→ **ACTIVITY**
When a record holds a picture, leave the picture out and copy everything else exactly.

→ **DATA SHOWN**
------------

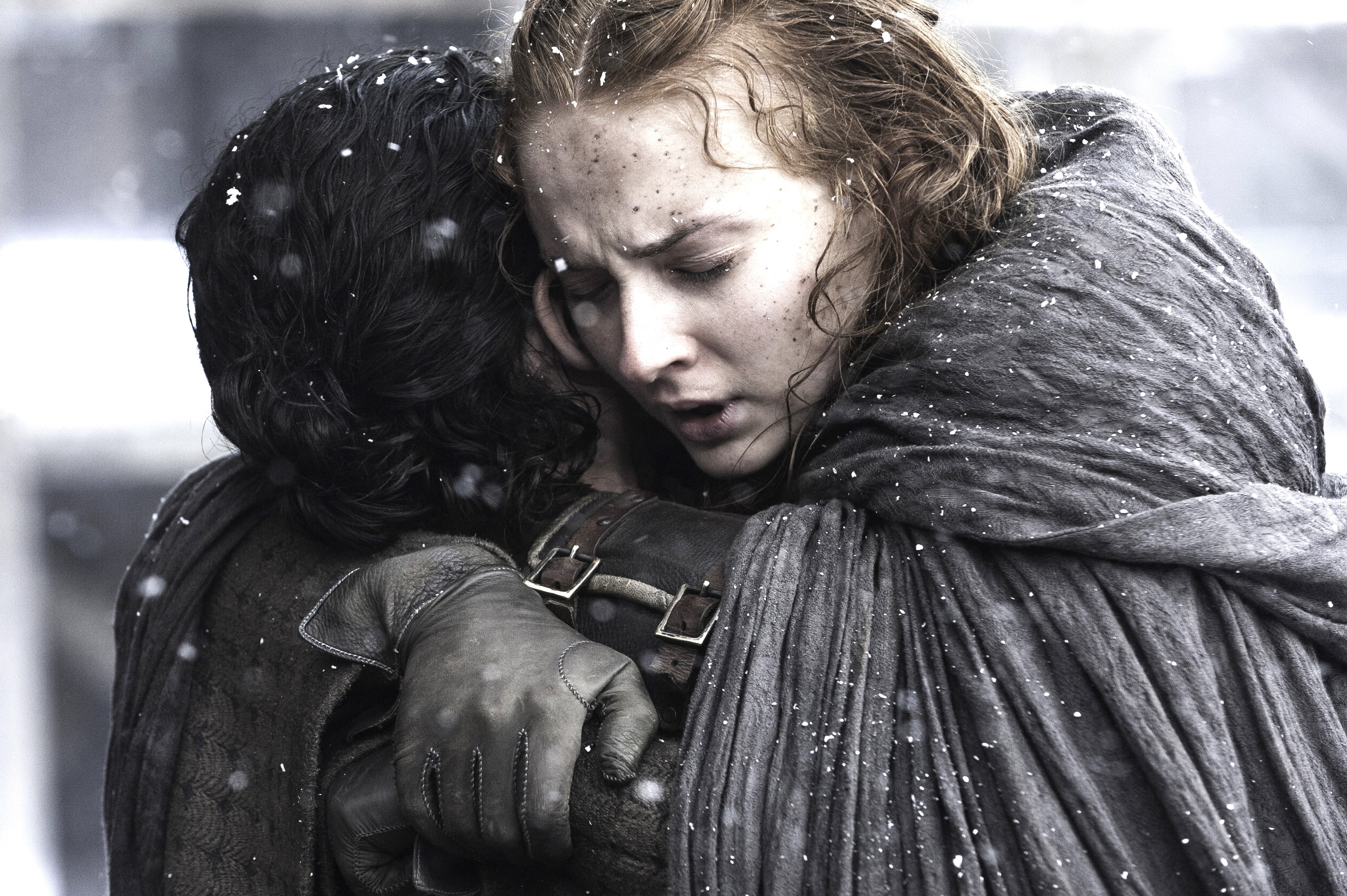 looking, Sansa Stark, Jon Snow, young adult, teenager, winter, women, headshot, lifestyles, social issues, warm clothing, clothing, emotion, hairstyle, HD Wallpaper
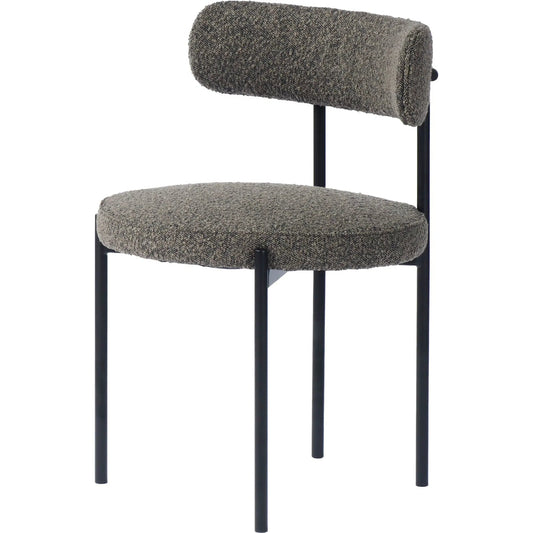 Cleo Dining Chair (Set of 2) by LH Imports in brown boucle and black. Made from metal, polyester, pu foam, polyester fiber in a unique style.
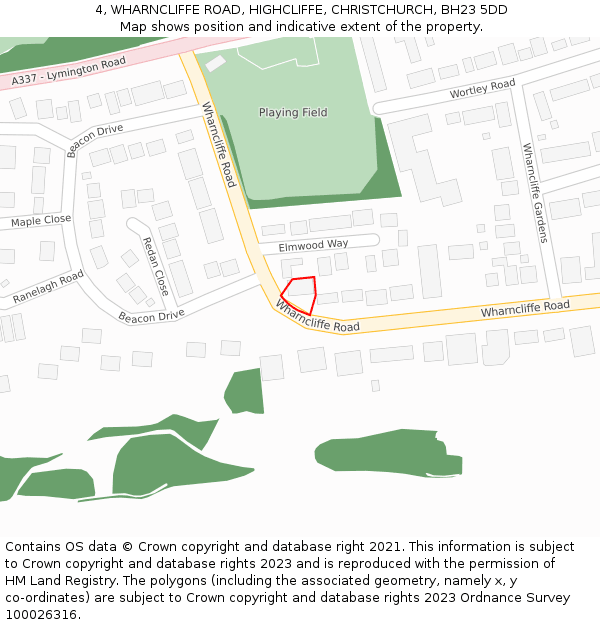 4, WHARNCLIFFE ROAD, HIGHCLIFFE, CHRISTCHURCH, BH23 5DD: Location map and indicative extent of plot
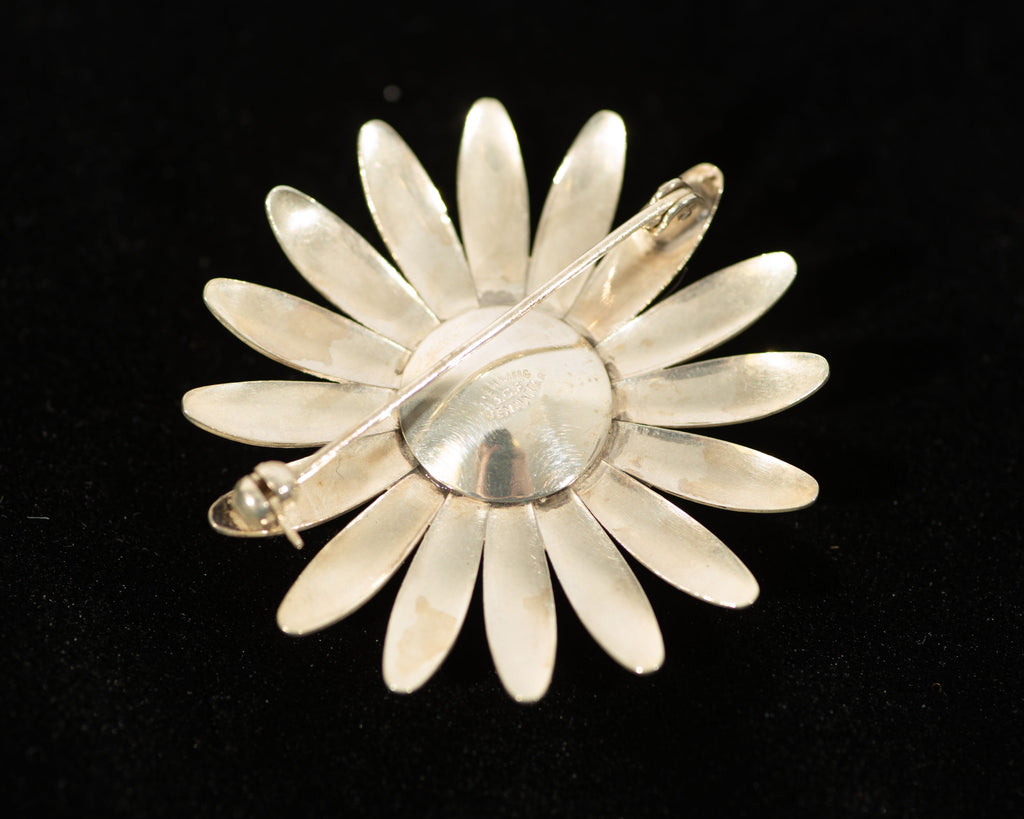 S. Christian Fogh Denmark Sterling Silver Flower Brooch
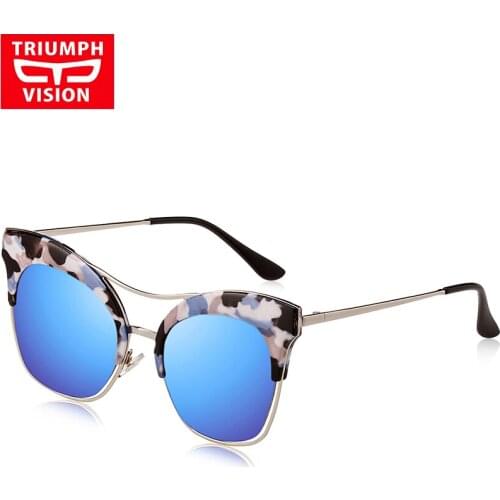 TRIUMPH VISION Oversized Cat EYE Sunglasses Female Brand Oculos Women Purple Red Mirror Sun Glasses Ladies Fashion Shades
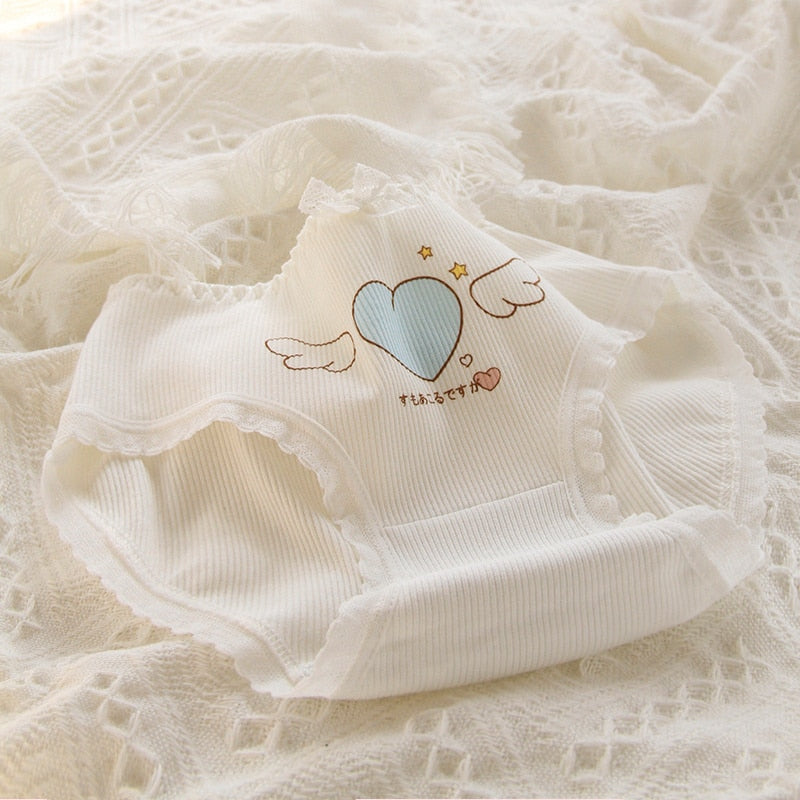 Blue lace cotton sweetheart undies - blue - kawaii - lace - lingerie - panties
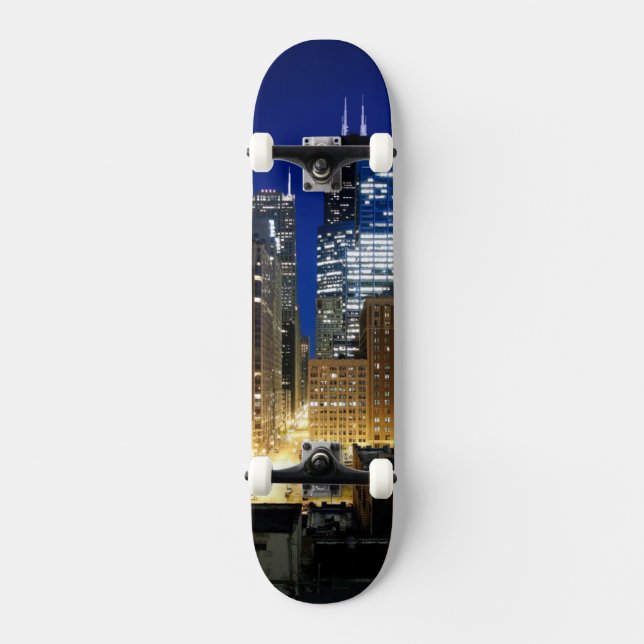 Natten beskådar av cityscape av Chicago Old School Skateboard Bräda 21,6 Cm (Framsida)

------------

→ **TASK ANSWER**
 looking, Sansa Stark, Jon Snow, young adult, teenager, winter, women, headshot, lifestyles, social issues, warm clothing, clothing, emotion, hairstyle, HD Wallpaper
 Cleo Dining Chair (Set of 2) by LH Imports in brown boucle and black. Made from metal, polyester, pu foam, polyester fiber in a unique style.
 4, WHARNCLIFFE ROAD, HIGHCLIFFE, CHRISTCHURCH, BH23 5DD: Location map and indicative extent of plot
 S. Christian Fogh Denmark Sterling Silver Flower Brooch
 TRIUMPH VISION Oversized Cat EYE Sunglasses Female Brand Oculos Women Purple Red Mirror Sun Glasses Ladies Fashion Shades
 Blue lace cotton sweetheart undies - blue - kawaii - lace - lingerie - panties
 Natten beskådar av cityscape av Chicago Old School Skateboard Bräda 21,6 Cm (Framsida)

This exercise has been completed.